Northamptonshire-based Hannah Solicitors LLP, known as Hannah Wills LLP until last month, was granted an ABS licence by the Solicitors Regulation Authority effective from 22 May 2013.
The law firm will sit alongside a wider insurance offering under the Hannah brand, which is due to launch later this year. It specialises in life, home and income protection insurance.
It is the first insurance/law firm tie-up that does not involve personal injury claims.
Hannah Solicitors was founded by David Thomson, who is also the founder in 2002 of Best Deal Insurance (BDI), an independent life, critical illness and home insurance broker. Mr Thomson became a member of Hannah Wills LLP last December.
BDI’s marketing manager, Jonathan Wills, told Legal Futures that Hannah is a “new brand” whose only connection with BDI was Mr Thomson. Hannah will employ “a number of solicitors”.
He explained the company’s plans now it had an ABS licence: “We are doing wills and we are moving into family law. Between the two companies the only relationship is they were started by the same person.”
The head of legal practice is 33-year-old solicitor Joe Hallett. The head of finance and administration is Simon Underwood.

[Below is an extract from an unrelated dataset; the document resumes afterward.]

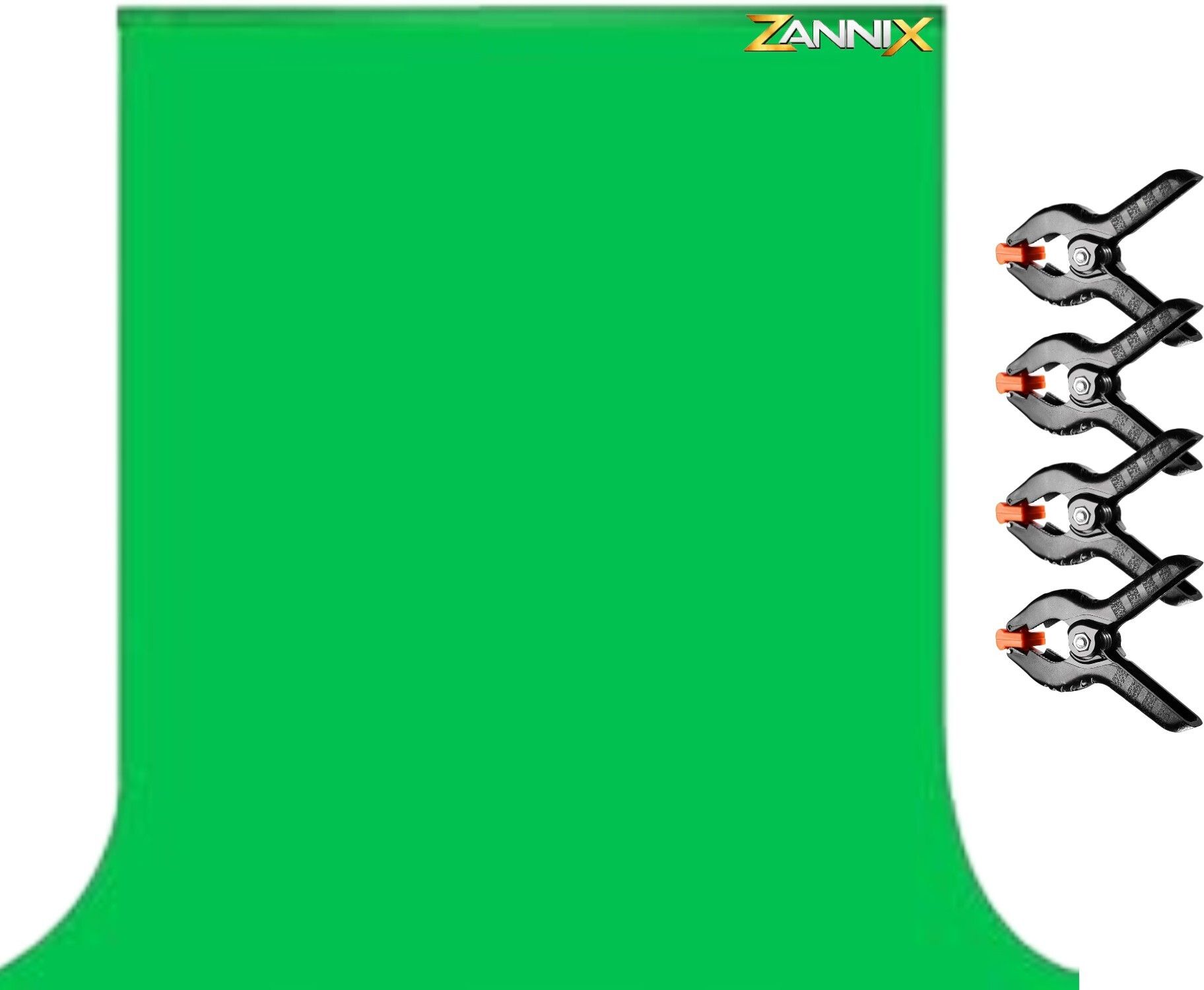 ZANNIX 8x12 ft Green Screen Background with 4 Support Clamps for Photography & Video Reflector-image-22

A prototype public-facing website has been set up for the Hannah brand, which includes wills and probate services. The site will be revamped by the end of this month to include an expanded range of legal services. “There is a lot more legal content to go on the new site,” said Mr Wills.
The present website has an animated cartoon child – ‘Hannah’ – who explains the company’s offerings with the tagline ‘Insurance made child’s play’. “We are trying to just do things a little bit differently. Solicitors have always had a bit of a sense of stuffiness – old-fashioned maybe. We are trying to put something that’s a bit different out there,” Mr Wills said.
On BDI’s website, Mr Thomson explains that he previously worked for “two of the country’s largest estate-agency chains, arranging mortgages and insurance for clients looking to buy or remortgage property” and suggests he “was possibly the UK’s top mortgage advisor”.
Being tied to a single insurance company was frustrating. “The policies I was forced to sell offered terrible value for money,” he says. He set up BDI because “the market was crying out for a company with advisors who knew the small print of every insurance contract and could explain it simply, too”.